Personal information
- Born: 14 October 1998 (age 27) Minahasa, North Sulawesi, Indonesia

Sport
- Country: Indonesia
- Sport: Badminton
- Handedness: Right

Women's & mixed doubles
- Highest ranking: 140 (WD with Mychelle Crhystine Bandaso, 23 August 2018) 15 (XD with Tontowi Ahmad, 24 September 2019)
- BWF profile

Medal record
Women's badminton
Representing Indonesia
Asia Mixed Team Championships
| Bronze medal – third place | 2019 Hong Kong | Mixed team |

= Winny Oktavina Kandow =

Indonesian badminton player (born 1998)

Winny Oktavina Kandow (born 14 October 1998) is an Indonesian badminton player specializes in doubles from Tewasen village in South Minahasa (then of Minahasa), North Sulawesi.

== Career ==
Trained at the Tangkas Intiland Jakarta, she managed to claim the 2016 junior national mixed doubles title partnered with Yeremia Rambitan, and led her to join national team in 2017. Kandow entered the 2017 National Championships held in Pangkal Pinang with Akbar Bintang Cahyono, and the duo seized the national mixed doubles title after competing as an unseeded player. She is increasingly known after reaching the 2018 Singapore Open semifinal stage with Cahyono, but was defeated by their senior teammates Tontowi Ahmad and Liliyana Natsir in a tight straight games. She succeed in clinching her first international title by winning the 2018 Hyderabad Open.

=== 2023 ===
In January, Kandow and her partner Amri Syahnawi competed at the Thailand Masters, but had to lose in the quarter-finals from 5th seed Korean pair Seo Seung-jae and Chae Yoo-jung.

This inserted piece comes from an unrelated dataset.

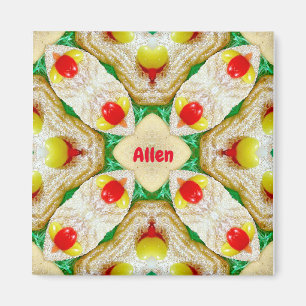 ALLEN ~ Personalisiertes Ostermuster Fraktal ~ Magnet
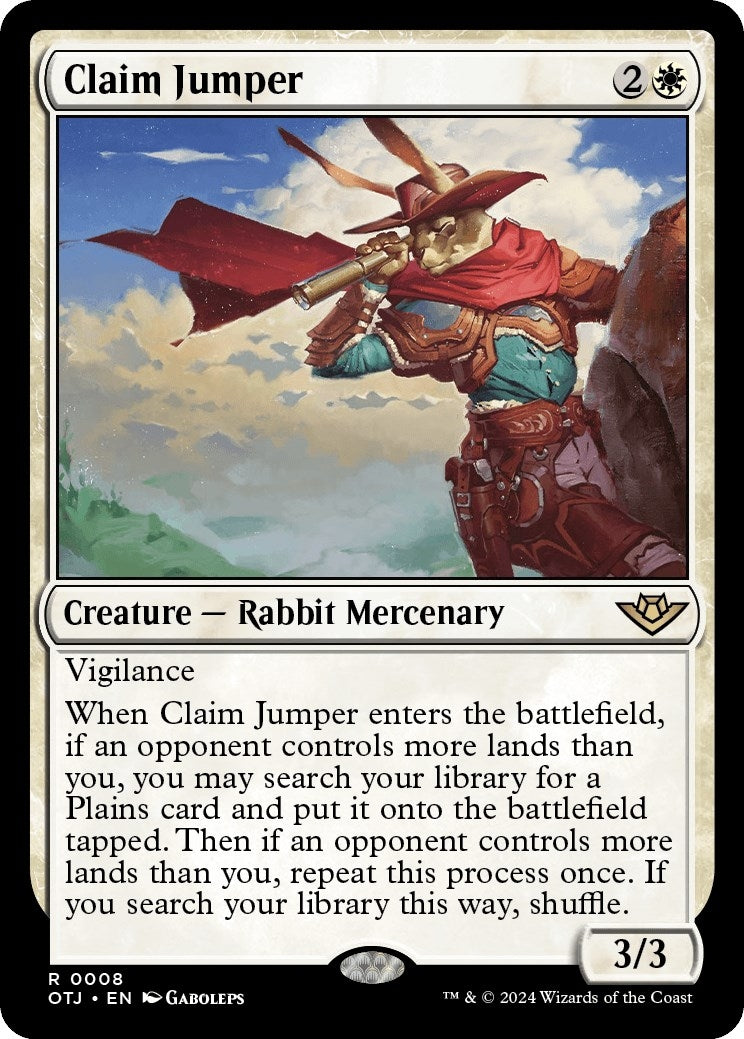 Image for Claim Jumper (8) (Outlaws of Thunder Junction) (OTJ) - Magic: The Gathering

In March, Kandow and Syahnawi competed in the European tour at the Spain Masters, but had to lose in the quarter-finals from Danish pair Mathias Thyrri and Amalie Magelund. In the next tour, Syahnawi and Kandow lost again in the quarter-finals at the Orléans Masters in France, this time from Chinese Taipei pair Ye Hong-wei and Lee Chia-hsin.

In May, Kandow and Syahnawi competed in the second Asian tour at the Malaysia Masters, but had to lose in qualifying rounds from Chinese Taipei pair Lee Jhe-huei and Hsu Ya-ching.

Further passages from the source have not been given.